Amazon includes three different tip sizes and three different optional wings that help the buds stay in your ears. Most people I know like their AirPods, but I’ve heard from several who complain that they won’t stay in their ears. The Echo Buds are good at that.
But I found that they’re a little uncomfortable to wear for a long period of time, even after I tried all of the tip sizes. I wore them for most of a work day, walking around my house during calls and sitting at my desk listening to music. AirPods aren’t perfectly comfortable either, but I thought the Echo Buds would be a little better since they have softer tips.
The case is bigger than the AirPods case, and it feels and looks like cheap plastic. It also uses older microUSB technology for charging. That’s not a big deal, but it also means you need to carry a microUSB cord with you instead of a newer USB-C cable that most modern gadgets use.
Also, the controls on the sides of the Echo Buds can be a little finicky. The double-tap input to activate passthrough or noise reduction works fine, but sometimes I had to hold the side really long to bring up Siri, if it activated at all. I could just bring up Alexa by saying “Alexa,” but I don’t always like talking to myself in public.
Sometimes the Alexa app, which is used to control your in-home Amazon products and also the Echo Buds, can be a little weird, too. You can use it to start audible books, for example, but not Spotify playlists. Instead, if you want Spotify, you need to open the Spotify app, even if they’re listed in the Alexa app as recently played. But I do like that the app makes it really easy to pair the Echo Buds. You just open the case and tap them when they pop up in the app.
Finally, if you add on the wings that help keep the Echo Buds in your ears, they can sometimes prevent the Echo Buds case from closing completely until you either jam it closed or adjust the wing so that it’s not blocking the case cover. I think Amazon could have designed this a little better so the buds fit more seamlessly.
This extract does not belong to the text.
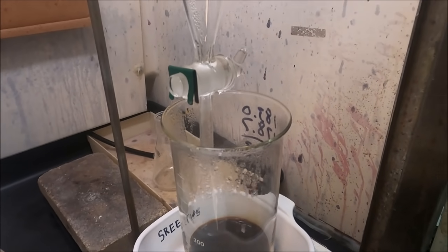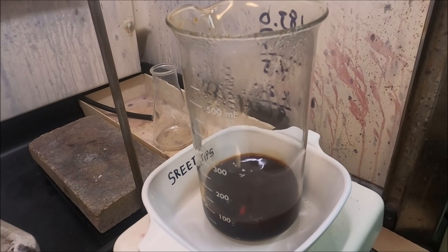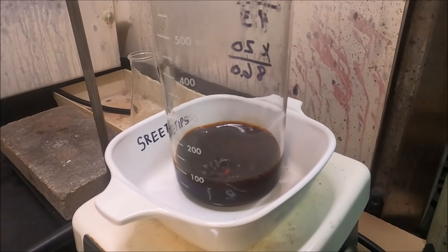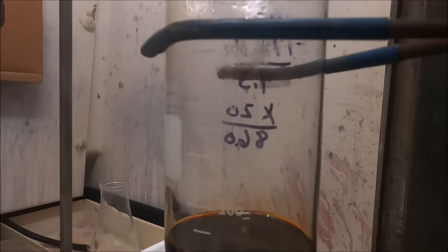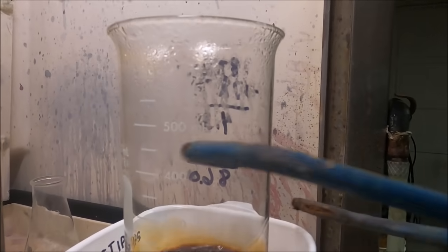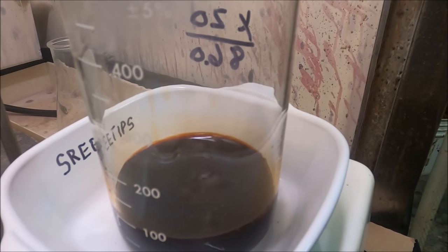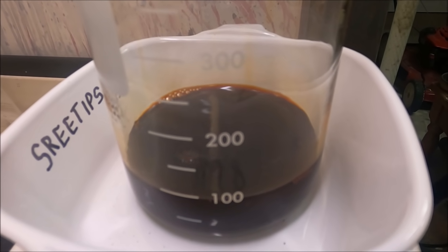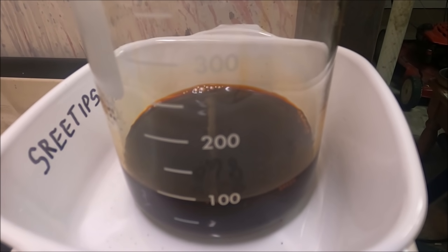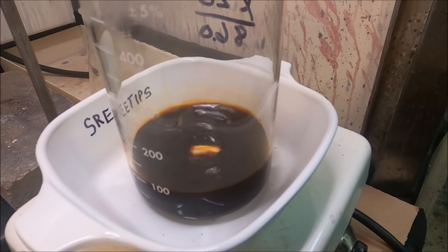I've added the hydrogen peroxide and this has been stirring now for about an hour, maybe a little longer. What we're going to do now is take a look — I think we've got it all dissolved. I've got it at about 100 milliliters, and I need it just a little bit lower. I may need to continue letting this heat up until I get it down to about 85-86 milliliters and go from there.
Despite some of the drawbacks, the Echo Buds are priced well at $129, and I think they’re a good option for folks who haven’t bought or don’t care for AirPods. They’re an especially good option for Android users, maybe even the best option.
I really like the noise reduction option, that they last long, sounded good enough on phone calls and worked really well with Alexa. I wish Amazon built a better case and that they were more comfortable, though. But people’s ears vary enough that what I find uncomfortable might be perfectly fine for you.
I think most people who own iPhones and iPads should just buy AirPods, since they work so seamlessly with Apple’s products. They have a much smaller case, too, and feel more premium. If you like noise canceling, then you may want to consider Apple’s AirPods Pro, which were announced on Monday but cost $249.